Nun sind die Würfel also gefallen: Die CSV-LSAP-Koalition wird noch vor den Sommerferien platzen. Nach langem Herumgedruckse hat die stärkste Partei im Parlament gestern kurz vor 15 Uhr endlich Position zum Abschlussbericht des parlamentarischen SREL-Untersuchungsausschuss bezogen und ihn rundheraus abgelehnt.
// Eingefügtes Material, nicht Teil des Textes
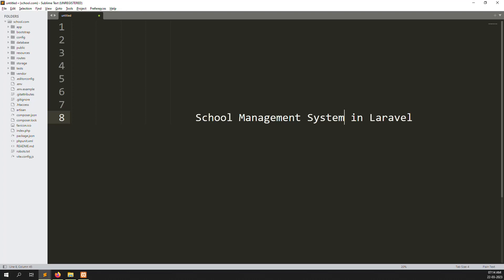Hello friends, in this video I will explain the school management system in Laravel — how to set up admin themes. First of all, we need to download admin themes using Google, so let's go to Google.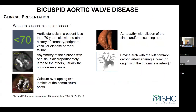Clinically, when to suspect bicuspid valve? Every young patient for me is bicuspid until proven otherwise, especially if they're younger than 70 with no other history of coronary or peripheral vascular disease or mitral failure. Asymmetry of the sinuses — you can see this on echo once you get training — one large and two smaller sinuses, and then calcium overlapping the two leaflets at once. There is something also called a bovine arch, where the left common carotid artery has a common origin with the innominate. When you see this on your 3D reconstructions of your arch, you should have a high index of suspicion that this is most likely bicuspid.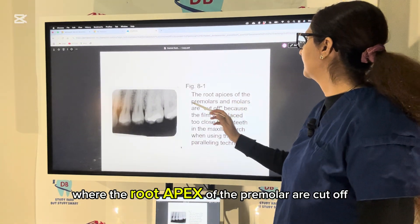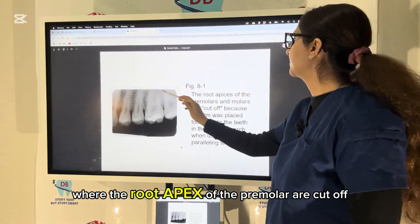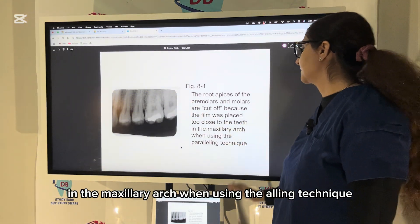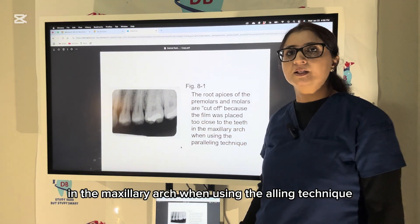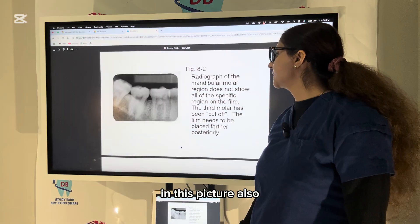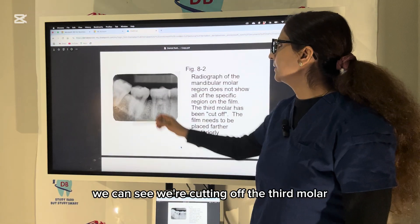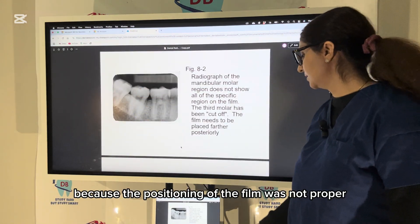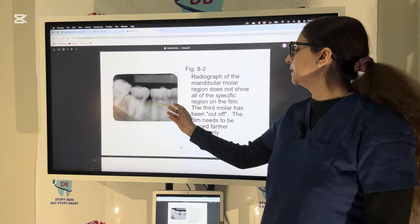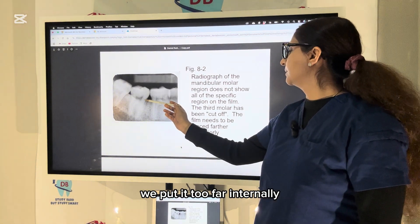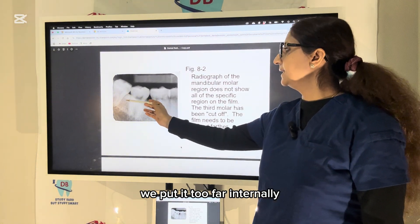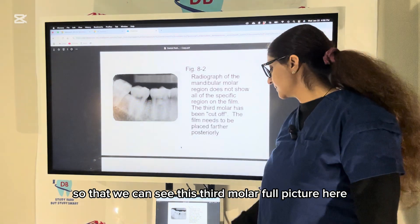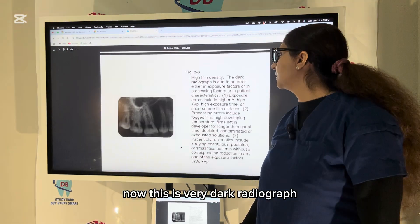Here we can see a radiographic error where the root apices of the premolars are cut off because the film was placed too close to the teeth in the maxillary arch when using the paralleling technique. In this picture also, we are cutting off the third molar because the positioning of the film was not proper — it was placed too far anteriorly. We have to shift it more posteriorly to see the full third molar.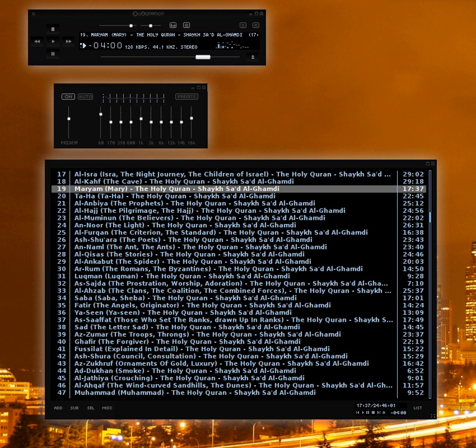Audacious is a free and open source audio player with a focus on low resource use, high audio quality, and support for a wide range of audio formats.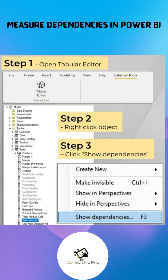What you have to do is simply open the Tabular Editor and connect to your data model. Once you are there, click on the particular measure where you would like to find out on which objects this measure depends, or what are the objects that depend on this measure. Objects can be your data fields and can be your other measures as well. Simply select that particular measure, then press F3.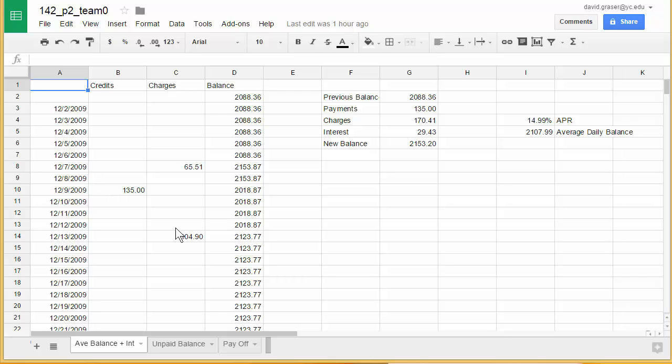Once all team members have worked this out — each one of you having done a different set of purchases — you'll combine them all together, and that will be your average daily balance that you'll use to create the credit card statement we're working towards in this project. So let's go back to my blank sheet.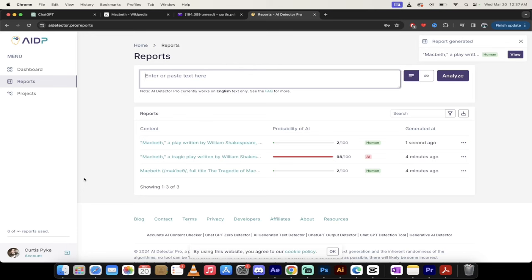Hello everybody, welcome back to another AI tutorial. In this one, I want to show you a new AI detector I came across. It's called AI Detector Pro. I'll put a link in the description below. And here's the thing, this is a really good AI detector that can really show you whether or not content was written by AI, or whether it was written by hand, or by a human, or a mixture.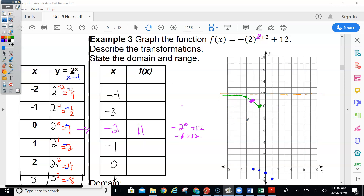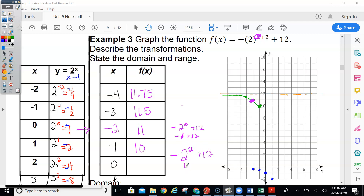I already know where these are going to be. Plugging in negative 1 is going to be at 10. Let's figure out the 0 one — that way I can get another point. If I plug in 0: 0 plus 2 is 2, so I'm going to do 2 squared. You do exponents first, so you square the 2 which gives 4. Then make it negative. Notice you're not doing negative 2 squared — we're only squaring the 2, and then the negative in front makes the number negative. So negative 4 plus 12 is 8.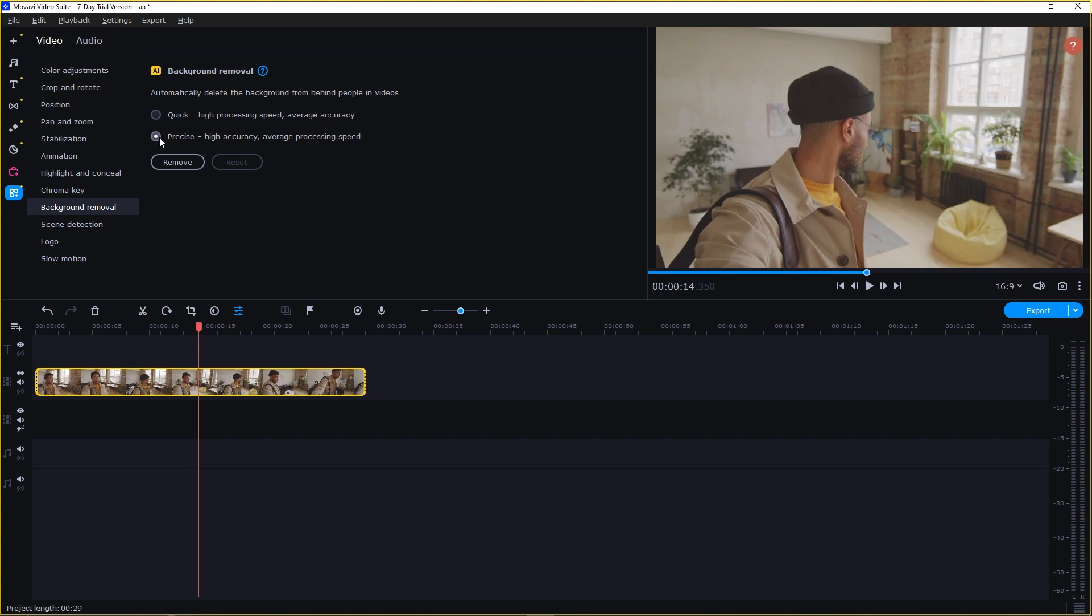If you select the precise option, the accuracy is higher and the processing speed is average. So this means the processing will take some time, but the accuracy will be higher. So let's choose this one and click on removal.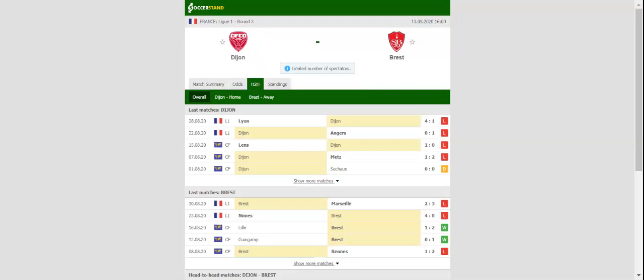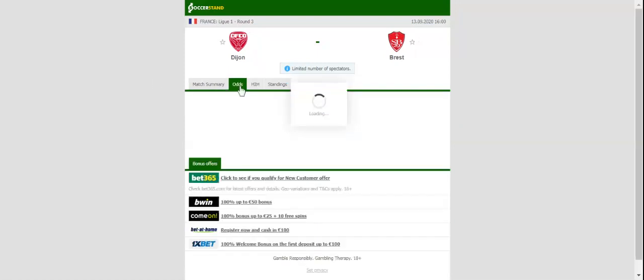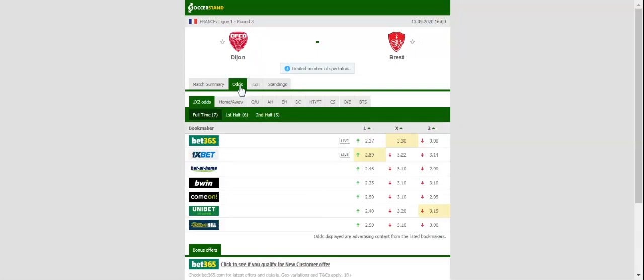Dijon are tough to beat at home and that is surely giving fans a reason for optimism ahead of the visit. Brest on the other hand have been struggling at the back at the start of the season, with the team conceding seven goals in total in the first two league fixtures.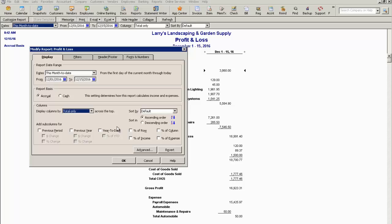The part we're going to focus on is down here in this section, adding subcolumns. You can add, if you select previous period, of course that will show the prior period based on the date range you've selected. In this case it would be November 2016.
Die CSV-Fraktion, die eine seltsame Auffassung der politischen Verantwortung zu haben scheint - sie hat noch immer nicht gesagt, wie diese im vorliegenden Fall übernommen werden soll -, ist offensichtlich nicht der Meinung, dass dem Premier irgendwelche persönlichen Fehler für die Verfehlungen seines Geheimdienstes anzulasten wären. Dabei ist zum Beispiel sonnenklar, dass, wenn der Chef, der über die komischen Geschäfte seines Geheimdiensts über den einen oder anderen Weg Kenntnis erlangte, eingegriffen hätte, diese Machenschaften nicht so ohne weiteres hätten weitergeführt werden können. Und er Konsequenzen für die Verantwortlichen hätte anleiern können.
Aber das wird dem Premier selbst noch einmal klar werden, wenn er sich an diesem Wochenende den Abschlussbericht zum betrübten Gemüte führt, um sich am Mittwoch im Parlament dazu zu äußern. Selbstverständlich weiß er schon längst, was alles in der Akte drin steht. Schließlich hatte er „seinem“ CSV-Fraktionschef schon letztes Wochenende eine ganze Reihe von Änderungsanträgen mit auf den Weg gegeben.
Als sie merkten, dass sie nicht durchkamen, zog die CSV sie lieber zurück, als es bereits in den letzten Tagen auf Kampfabstimmungen ankommen zu lassen. Und was nun? Die CSV wird am kommenden Mittwoch nach einem langen, emotionsgeladenen Diskurs des Premiers gegen sämtliche Anträge stimmen, die den Rücktritt des Premiers oder der Regierung fordern.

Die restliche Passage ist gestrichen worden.